# Records to use
■ ■ ■ ■ ■ ■ ■
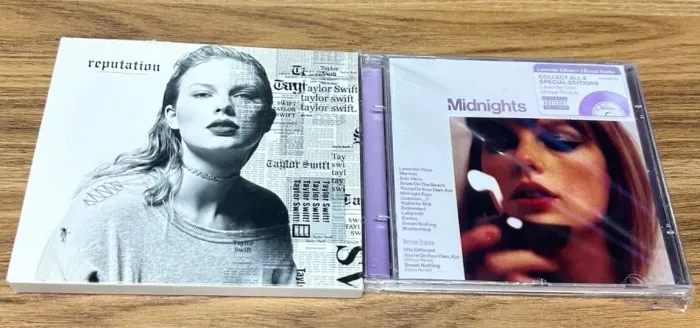 combo cds taylor swift reputation e midnights lavander edition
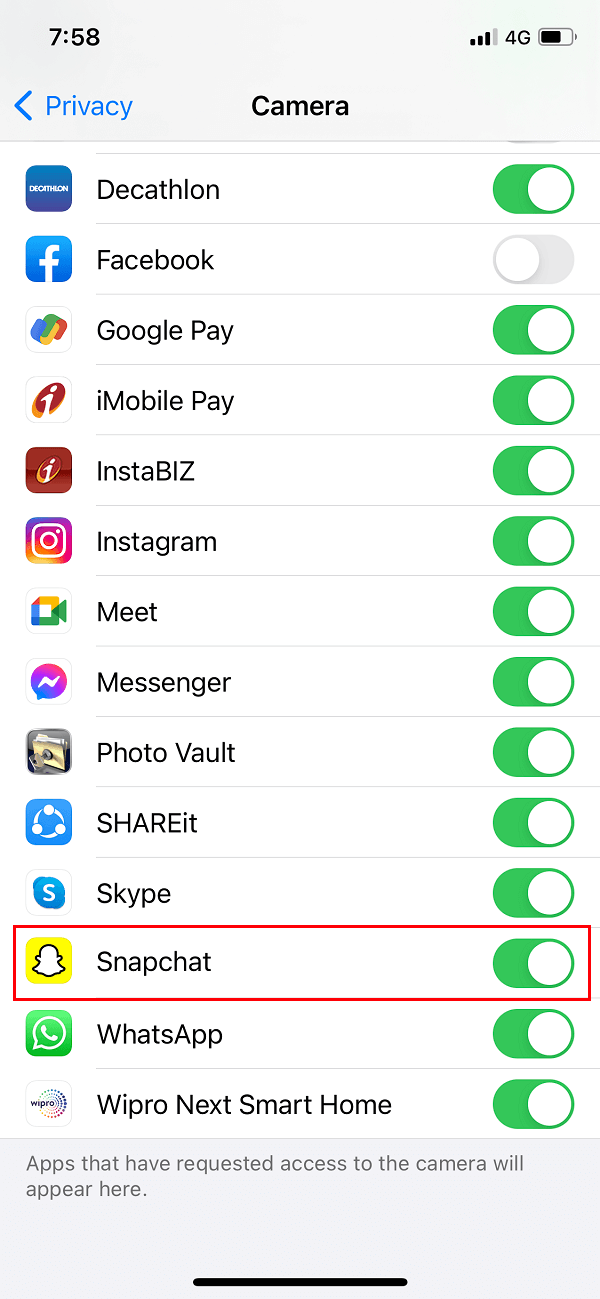 Remove restrictions on your camera on your iOS device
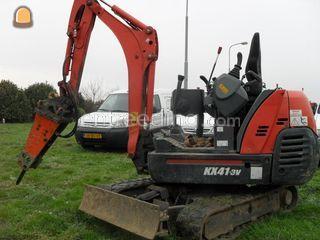 minigraver met sloophamer Omgeving Maasdriel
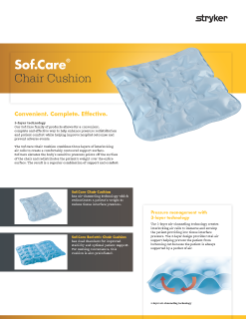 Sof.Care Chair Cushion Spec Sheet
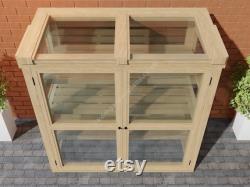 Plans for Small Wooden Micro Greenhouse Opening Lid and Doors with Shelves Digital Woodwork Plans Download Only Imperial Excludes Materials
■ ■ ■ ■ ■ ■ ■
# Aim of the task
Output the listing above exactly, pictures omitted.

# Problem solution
 combo cds taylor swift reputation e midnights lavander edition
 Remove restrictions on your camera on your iOS device
 minigraver met sloophamer Omgeving Maasdriel
 Sof.Care Chair Cushion Spec Sheet
 Plans for Small Wooden Micro Greenhouse Opening Lid and Doors with Shelves Digital Woodwork Plans Download Only Imperial Excludes Materials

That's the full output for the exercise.